Skills you will develop:

TensorFlow 2
Defining Custom Loss Function
Python Programming
scikit-learn

In [24]:
import tensorflow as tf
from tensorflow import keras

In [25]:
from sklearn.preprocessing import StandardScaler 

## Preparing the Dataset
Let's start by loading and preparing the California housing dataset.

We would:

first load the data

then split it into a training set, a validation set, and a test set

finally, we scale it.

Note that this dataset contains only numerical features and there are no missing values.

**Note:**

* For a feature scaler line `StandardScaler`, `fit` computes the mean and std(standard deviation) to be used for later scaling (just a computation) based on the given data, nothing is given to you. `transform` uses a previously computed mean and std to autoscale the data (subtract mean from all values and then divide it by std). `fit_transform` does both at the same time.

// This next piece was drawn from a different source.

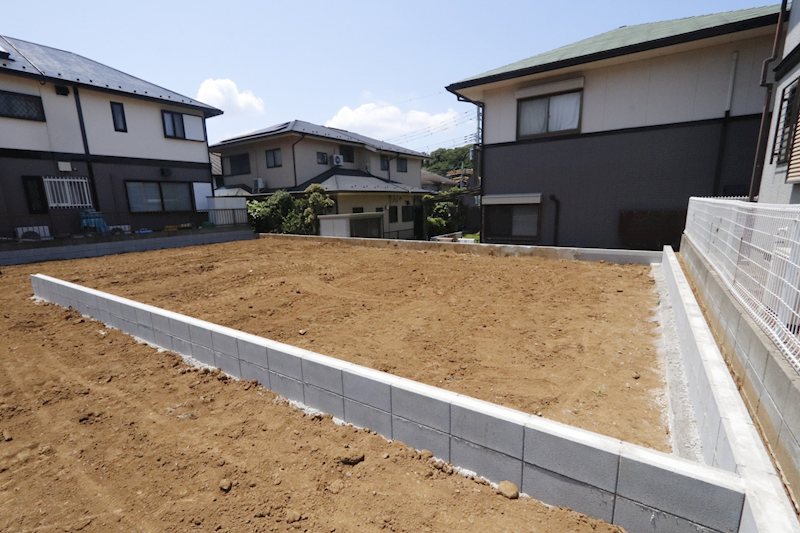 守谷市松ケ丘７丁目　新築戸建６期　１号棟 現地写真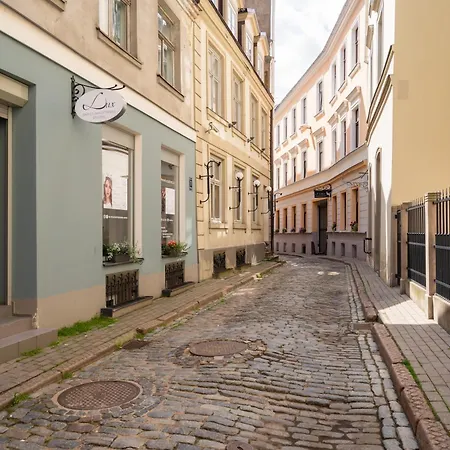Old Town On Mucenieku Street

* So, we would be applying the `scaler.fit_transform` on the train data, and just apply `scaler.transform` on the validation and test data.

In [26]:
from sklearn.datasets import fetch_california_housing 
housing = fetch_california_housing()

In [27]:
from sklearn.model_selection import train_test_split
X_train_full, X_test, y_train_full, y_test = train_test_split( housing.data,
         housing.target.reshape(-1, 1), random_state=42)

X_train, X_valid, y_train, y_valid =  train_test_split( X_train_full, 
        y_train_full, random_state=42)

In [28]:
scaler = StandardScaler()

In [29]:
X_train_scaled = scaler.fit_transform(X_train)

In [30]:
X_valid_scaled = scaler.transform(X_valid)

In [31]:
X_test_scaled = scaler.transform(X_test)

## Defining a Custom Loss Function - Huber Loss
Let's implement huber loss. Huber loss is less sensitive to outliers in data than mean squared error.

Below is the formula of huber loss.

![image.png](attachment:image.png)

**Note:**

* Huber loss is defined as:

    * error 2/2, if error < delta (ie, if it is a small error)

    * delta * ( |error| - delta/2), otherwise ( |error| means the absolute value error)

  In this exercise, we consider delta=1.

  Thus, the `huber_fn` is defined as:

    * *error 2/2*, if *error < 1* (ie, if it is a small error).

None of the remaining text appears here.